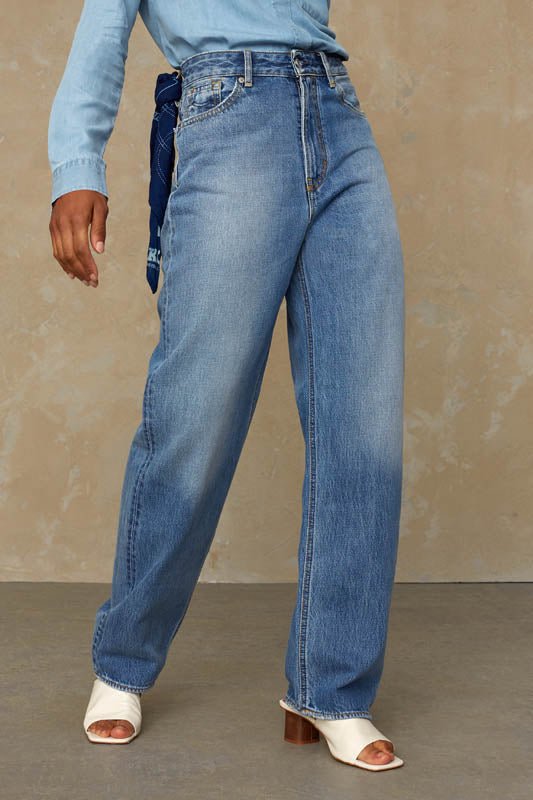 KINGS OF INDIGOAlice Jeans | Vintage Light Blue24/30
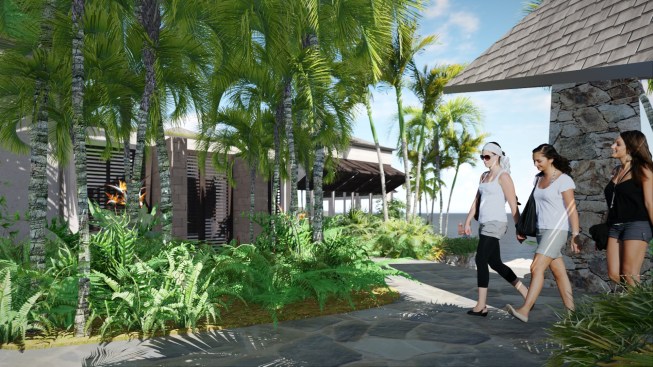 Rendering Rosewood Little Dix Bay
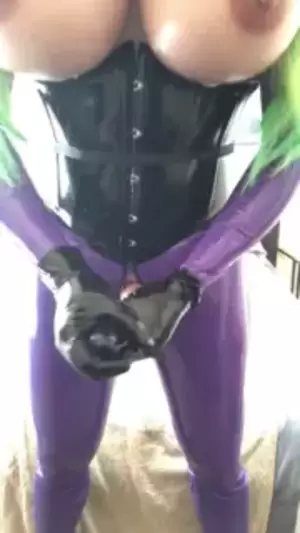 Futanari Latex Porn - Latex Futa Kigurumi | xHamster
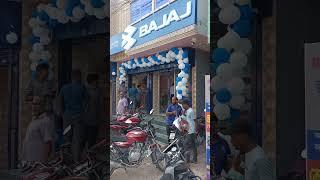 Bajaj Bike Showroom.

Work order:
Reproduce the material above in full and without alteration, but skip all pictures.

Answer space:
 KINGS OF INDIGOAlice Jeans | Vintage Light Blue24/30
 Rendering Rosewood Little Dix Bay
 Futanari Latex Porn - Latex Futa Kigurumi | xHamster
 Bajaj Bike Showroom.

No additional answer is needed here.